## RECORDED DATA

"""

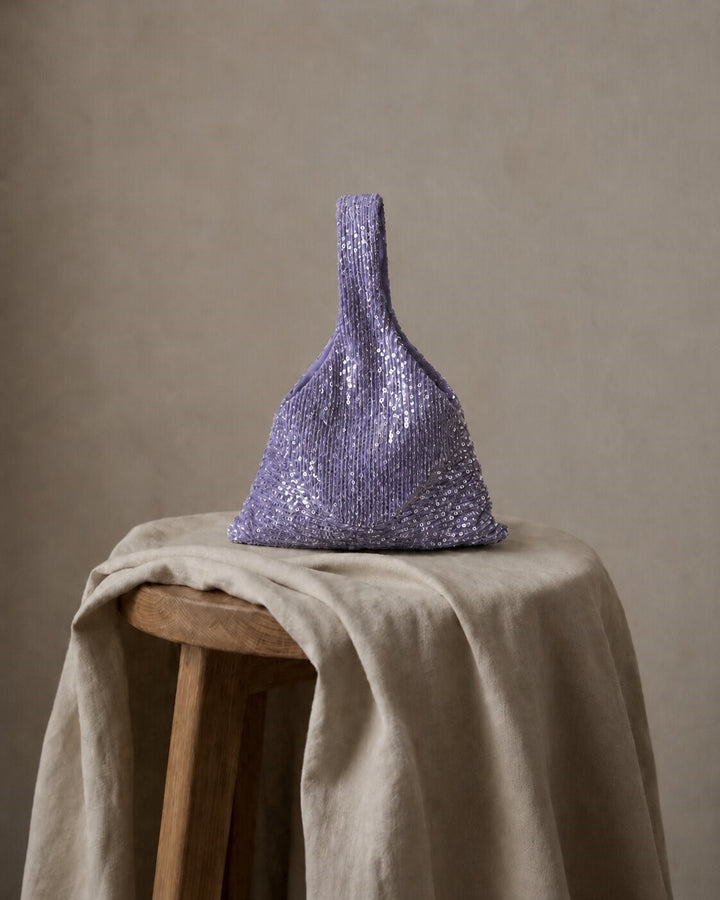 Lavender sequin wedding clutch displayed against a neutral backdrop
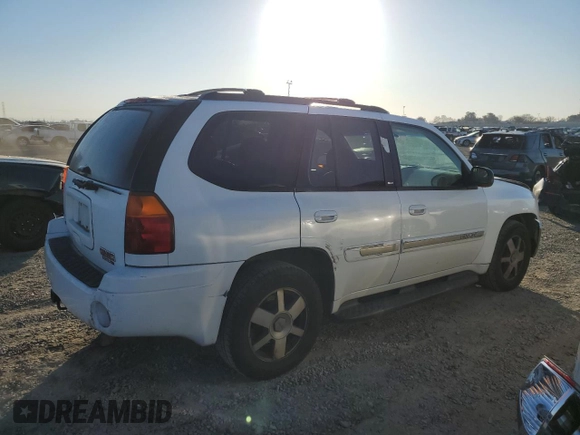 2005 GMC Envoy SLE с VIN 1GKDS13S852261326, выставлен на аукционе Copart как лот 42650025 с пробегом 210 485 миль миль и Списание • Salvage title. История ставок и продаж доступна на DreamBid. Изображение 3.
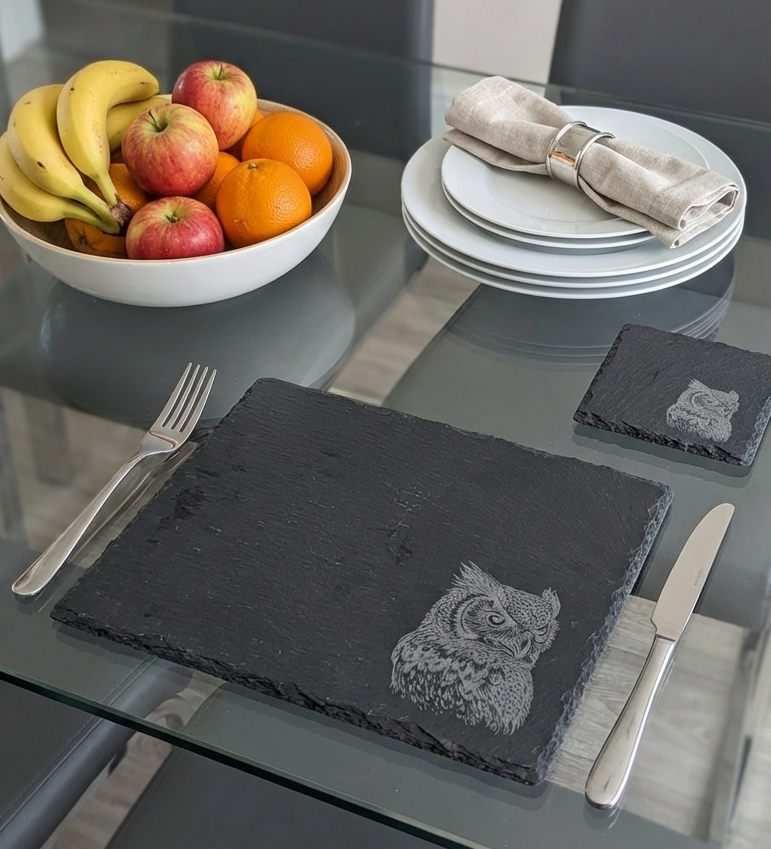 Dark grey textured slate placemat with an owl etching. Silver cutlery, white plates and colourful fruit on a glass table.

"""

## WHAT THE TASK ASKS
With the pictures omitted, write out exactly the lines from the one that contains "2005 GMC Envoy" through the final line of the material above, both ends included.

## EXERCISE RESULT
 2005 GMC Envoy SLE с VIN 1GKDS13S852261326, выставлен на аукционе Copart как лот 42650025 с пробегом 210 485 миль миль и Списание • Salvage title. История ставок и продаж доступна на DreamBid. Изображение 3.
 Dark grey textured slate placemat with an owl etching. Silver cutlery, white plates and colourful fruit on a glass table.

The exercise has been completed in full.